Luckily, Ten and Eleven aren’t having that shit. So much of the series is built around The Doctor swooping in and saving other people, whipping out moral superiority tempered with idealist hope. “The Day of The Doctor” works so beautifully because, at it’s mushy center, it’s about The Doctor getting to go back and save himself. Taken at face value, it’s kind of goofy and sentimental, but the storytelling on display, fueled by some of the best acting I have seen on genre television in a long time, propel it to dizzying heights. It’s like someone blew that suicide intervention scene from All-Star Superman up to IMAX size and set it to Aerosmith’s “I Don’t Wanna Miss A Thing.” I defy you not to experience weapons grade FEELZ during the last act. The Doctors (all of them, thanks to cleverly deployed archival footage) band together, and perform a time altering act that, once explained, should have been blatantly obvious elsewhere in the episode, but it fits in line with Moffat’s closed loop paradox obsession in a way that actually feels right. By recontextualizing the defining moment that has served as the engine for Nu-Who for the better part of a decade, Moffat creates a new jumping point for the future of the series to take off on.
This anniversary special managed to celebrate half a century of a well loved series while simultaneously outfitting the franchise with a new pair of legs. I, for one, can’t wait to see where they run off to next.
* – Moffat has a troubling tendency to undercut the female protagonists of the show, treating them like plot devices or beings who exist solely to serve The Doctor’s arc, and here, Clara, Elizabeth I, the Brigadier and Osgood all are given ample time to shine on their own, and display the sort of autonomy and class that characters like Romana brought to the old series. Taken out of context, a scene of Clara opening a door the three Doctors just spent an entire scene trying to unlock using science is just a punchline, but coupled with other similar moments in this special and contrasted against the last two seasons of the series, marks some progress that will hopefully continue into the Peter Capaldi era.
Love it!
Just wanted to paraphrase something I read from Moffat in one of the few post-DotD interviews that’s been put out there. He said that he started by asking himself; what was the most important day in the Doctor’s life? The clear answer was the day he destroyed Gallifrey. So he thought about that moment in the face of who and what the Doctor is, and concluded…of course he didn’t do it. He would never do it. So then the story became, why does he think he did it and what really happened that day?

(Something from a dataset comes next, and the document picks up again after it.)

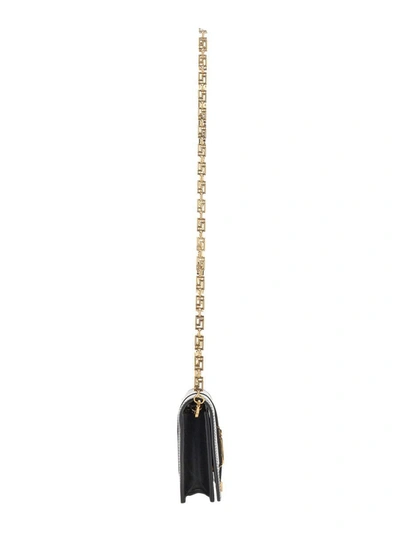 Shop Versace Mini "greca Goddess" Bag In Black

Also, I see you mentioned the fantastic webisode “Night of the Doctor” but I also strongly recommend a parody video by Peter Davison (doctor #5), “The Five(ish) Doctors Reboot.” It’s 30 minutes, terribly funny, and has about 50 cameos of people who couldn’t be crammed into the 50th proper.
This 50th bonanza is really uniting the old and new series in my eyes and getting me more interested in the old…and that’s a good thing!